Caitlin collected up their plates and followed him.
‘Go and sit down,’ he said, shooing her out of the kitchen with a wave of one hand. ‘I’ll do the dishes later.’
Dismissed, she walked back onto the veranda. The moon had risen while they’d been eating and now hung, suspended, like a misshapen Chinese lantern set in the branches of the peppercorn tree.
A faint scent of eucalyptus filtered through the air, and somewhere an owl cried as it journeyed through the night in search of food. For all her haste to get away from her own home town, she felt the special ambience of a small country town settle about her.

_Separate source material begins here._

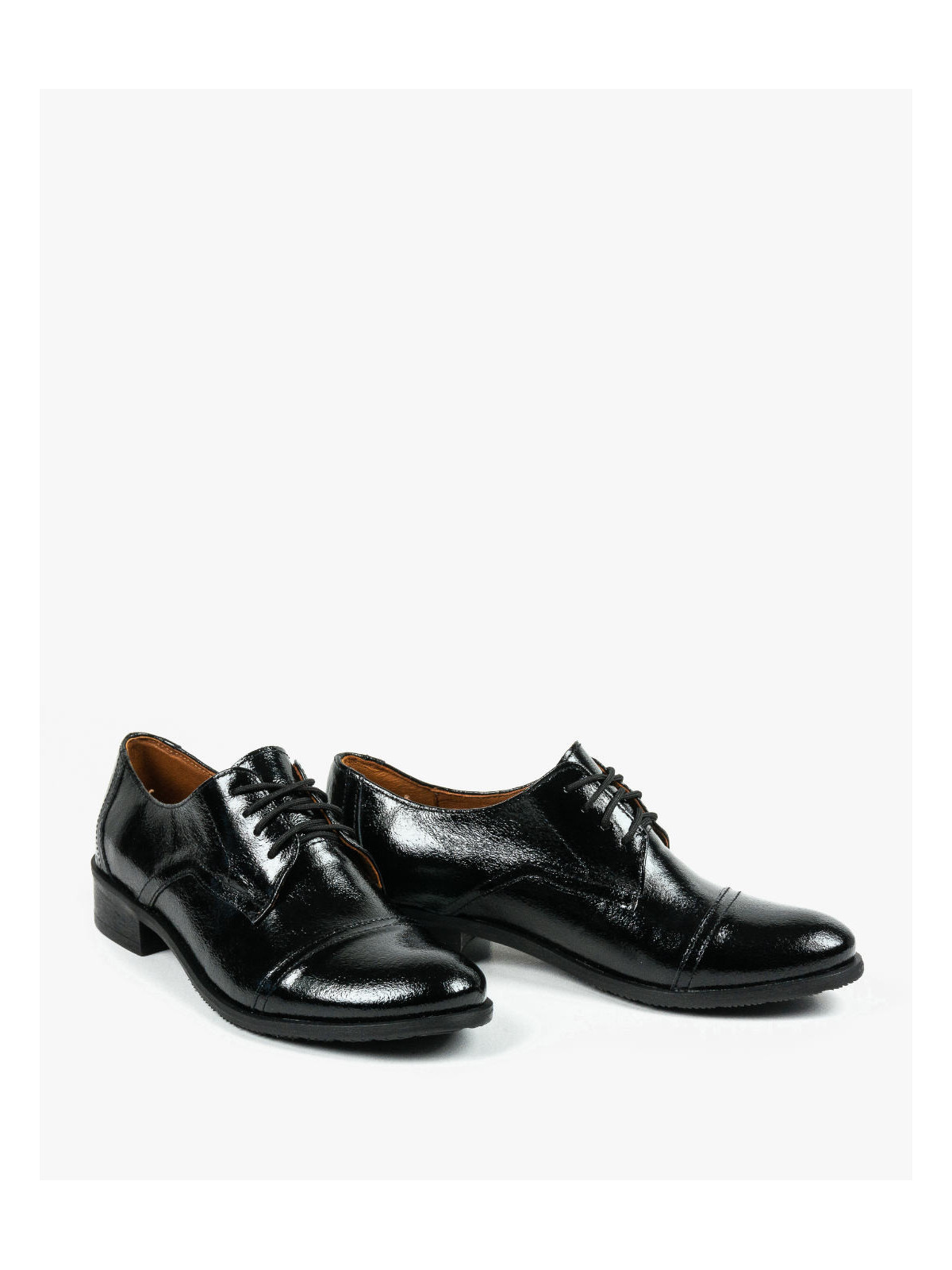 Czarne półbuty damskie skórzane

The unchanging rhythms of daily living far removed from the stress and pressures of the city were like a benediction on her soul.
‘They have a special kind of innocence, country towns,’ he said, as he returned with a coffee-pot in one hand and two tall mugs dangling from one finger of the other.
‘You stole my thoughts,’ she murmured.
The serenity of the evening seemed to envelop her, but it couldn’t last, any more than innocence could—not in the face of evil or a hidden scourge like cancer.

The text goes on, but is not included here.